- _Problem description_: Repeat exactly what runs from the line with "Hotel Mccoy - Art, Libations, Pool" through the last line of the material, and keep the pictures out of it.

- _Source records_:
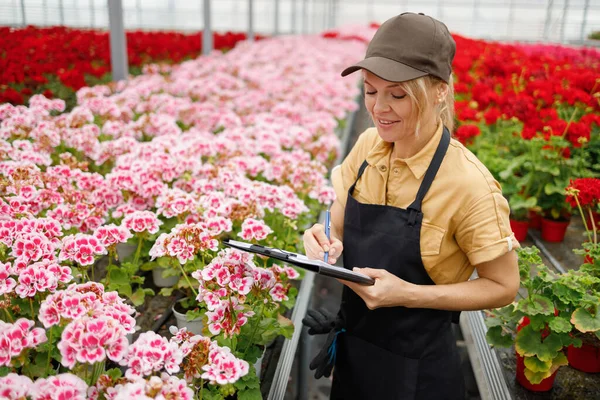 Pretty Woman Worker Flower Greenhouse Making Notes Clipboard — Stock Fotó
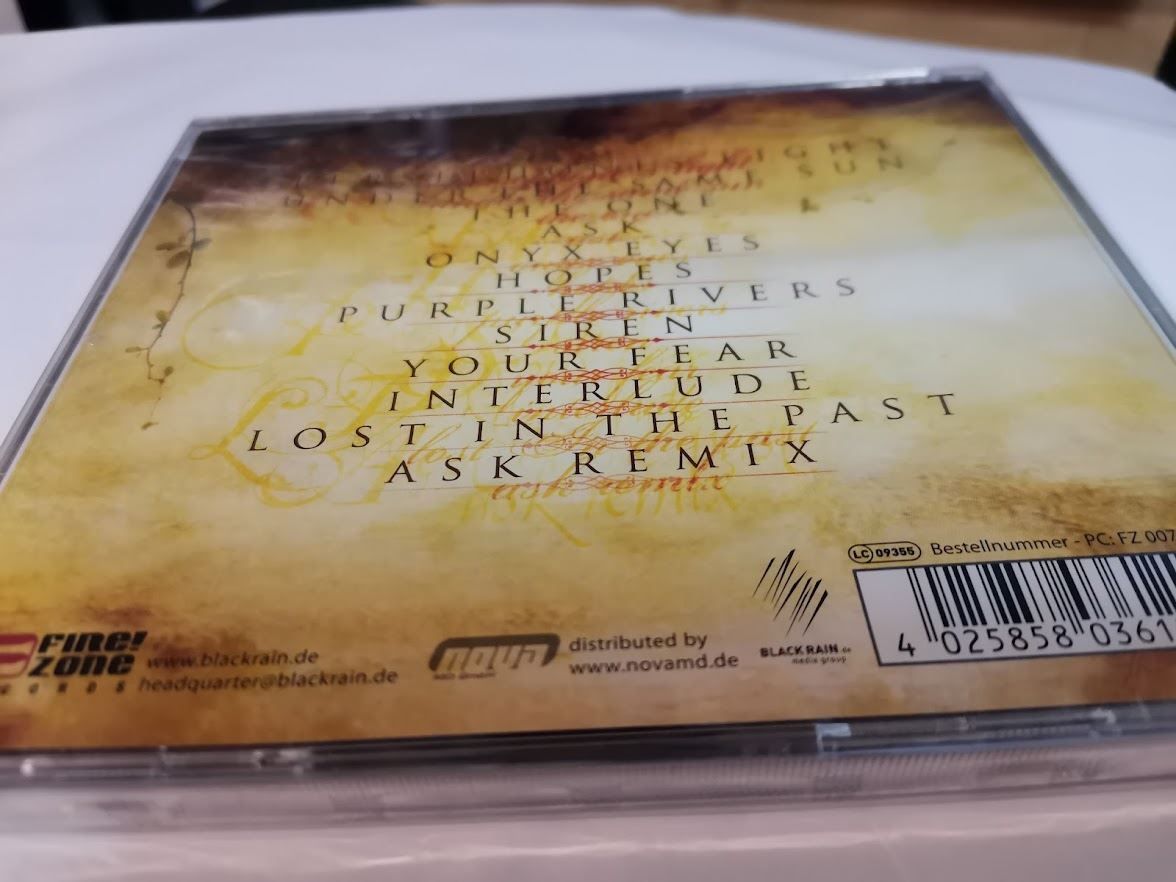 CD: Onyx Eyes Delights and Tears CD – Nuovo (secondo la descrizione) da Zofingen venduto da noise123 1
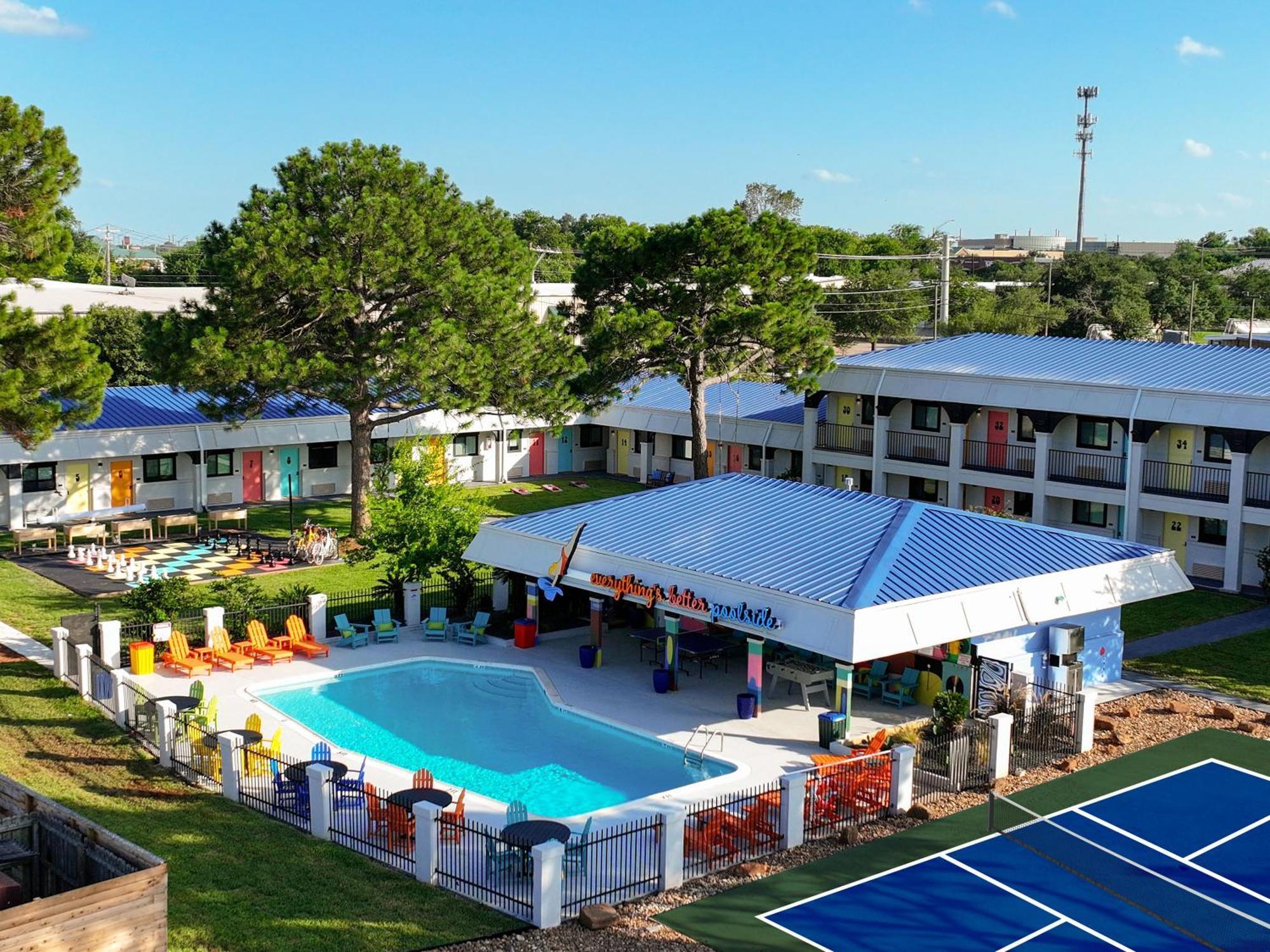 Hotel Mccoy - Art, Libations, Pool Society College Station Exterior foto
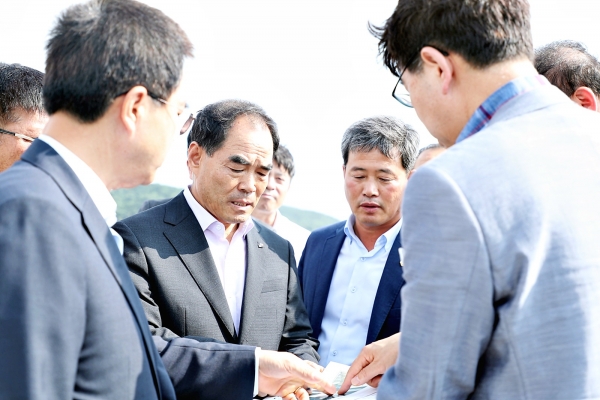 김인식 사장은 30일 충남지역 용수공급현장을 방문해 용수부족지역을 파악하고 탄력적으로 대응해 줄 것을 당부했다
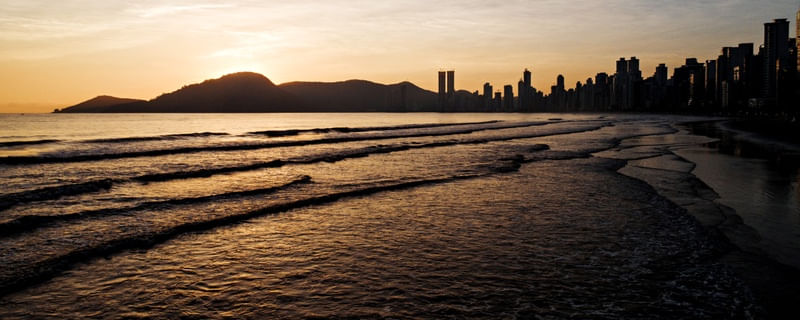 ENTARDECER NA PRAIA DE CAMBORIÚ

- _Problem solution_:
 Hotel Mccoy - Art, Libations, Pool Society College Station Exterior foto
 김인식 사장은 30일 충남지역 용수공급현장을 방문해 용수부족지역을 파악하고 탄력적으로 대응해 줄 것을 당부했다
 ENTARDECER NA PRAIA DE CAMBORIÚ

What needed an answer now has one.